The purpose of the feature is not to take you towards Uber work at the airport; it's to take you to your lunch break or home at the end of your shift. It's limited to twice a day so that drivers don't misuse the feature to ignore drives they don't want during their shift. 
Drivers who game the system are the reason it's limited, and the reason we could lose this very useful feature.


----------



## Uber48208 (May 4, 2016)

MyRedUber said:


> The purpose of the feature is not to take you towards Uber work at the airport; it's to take you to your lunch break or home at the end of your shift.

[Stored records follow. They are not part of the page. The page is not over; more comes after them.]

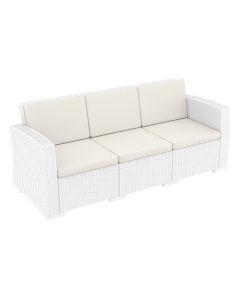 Compamia Monaco Resin Patio Sofa White with Sunbrella Natural Cushion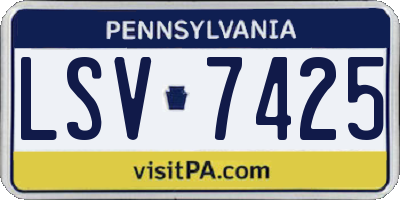 PA license plate LSV7425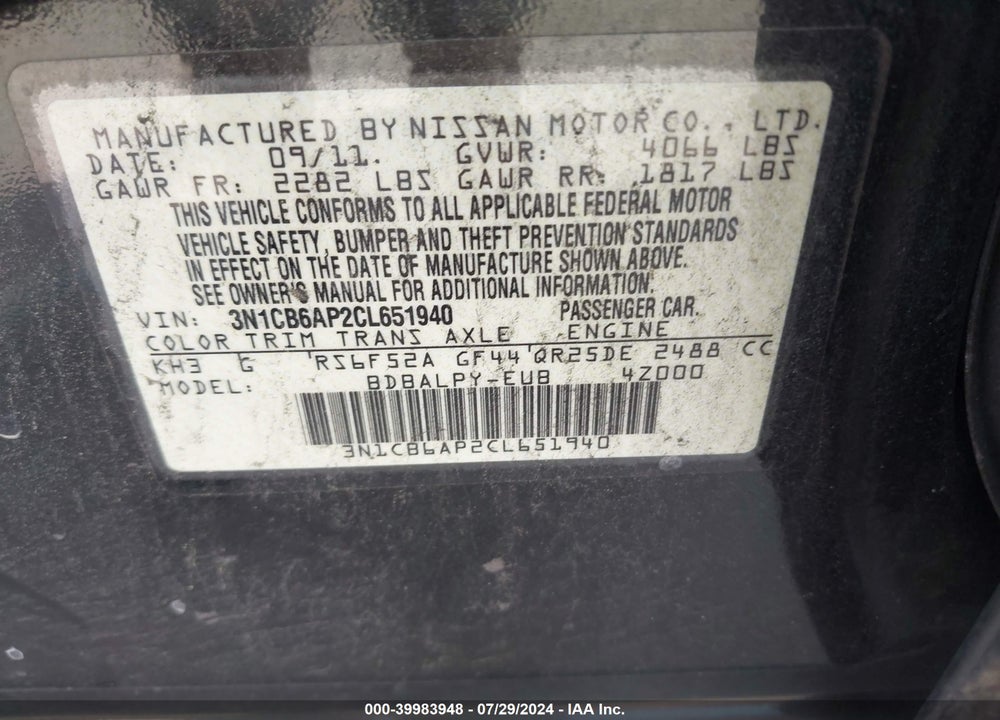 2012 NISSAN SENTRA SE-R SPEC V VIN: 3N1CB6AP2CL651940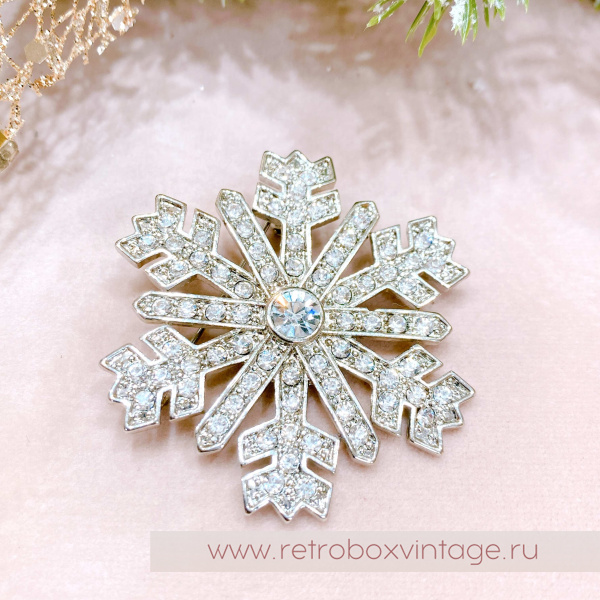 MONET Брошь "Кристальная снежинка" серебро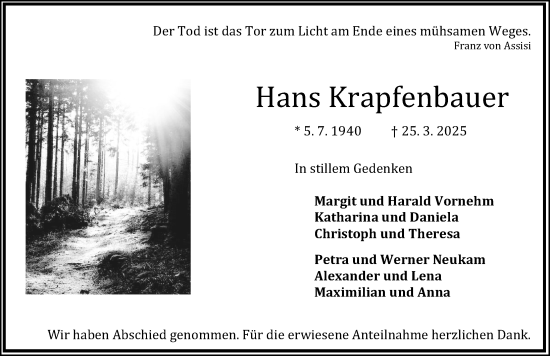 Traueranzeige von Hans Krapfenbauer von Fürther Nachrichten Lokal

Or you can be lucky like me and have the airport square in the middle of your commute home after work


----------



## dbsanders (Jul 9, 2016)

I'm a part-timer with a full-time day job. Today I set my destination for work, and I picked up someone going to the same place, which was a bit...awkward.


----------



## UberAnt39 (Jun 1, 2016)

I've used it often and found it surprisingly useful. It can't fix the unfixable like get you rides from South Bay to SF after 11pm, but if you use some common sense, like if they take you down there at 9 don't just go taking trips in the area because you're there, set the destination straight away and get back whilst paxs are still traveling. And stay away from the SFO after 10, that's when they're most likely to send you 30 miles out of your way. On the other hand, I've tried Lyft's a few times and it's been useless. It also gives up after about 10 minutes with a sorreee..., all that's missing is a


----------